What I’m suggesting is doing cross validation on the training dataset. The test dataset isn’t used here.

jling · November 3, 2022, 7:21pm

in the end the training dataset and test set both must be used.

say, I only have 10k data points and I have to use all 10k in the end, so if I CV on 9k and test on 1k, the gap between 9k and 1k still matters because in the end 90% of the data will have fake high performance

jeremiedb · November 4, 2022, 12:27am

The reinforce what I think @samuel_okon is suggesting, a typical setup would involve considering 3 types of data: train, eval and test.
Let’s assume that out of this 10k, 2k are to be used as test data. Then, on the remaining 8k oservations, you could perform 4-fold CV. Each of the 8K observations would be assigned to one of the 4 CV bucket. Then for each of the 4 CV, a model is fitted on 6K data until it starts overfittnig on the 2k eval data. The selected model would be the one which consistently produced best performance throughout the 4 CVs. Then final assessment would be done on the 2k test that was initially set aside by training the selected model on the full 8K training data.

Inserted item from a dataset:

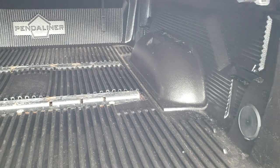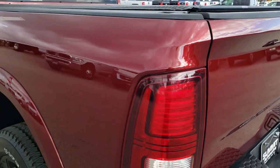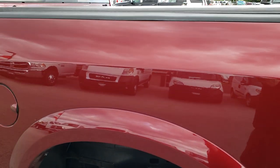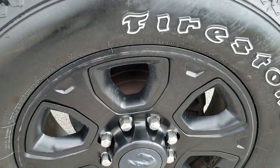The tailgate shuts nice and solidly. As you go down the driver side of the truck it is just as clean as the passenger side. We want to give you the most accurate representation of the vehicles possible so when you get here you're all ready to go. Back rims are in pretty nice condition.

It’s still possible to assess performance on the training data by looking at the metric of each CV model on their eval data. However, this is exposed to some bias as typically, the early stopping cireteria comes from the performance on that eval data, hence there’s some information leakage.

jbrea · November 4, 2022, 9:21am

If you only want to find the best hyperparameters, you don’t need to split into training and test data, but you can use all the data to do cross-validation. If you want to find the best hyperparameters and compute an estimate of the test error, you can use e.g. nested cross-validation.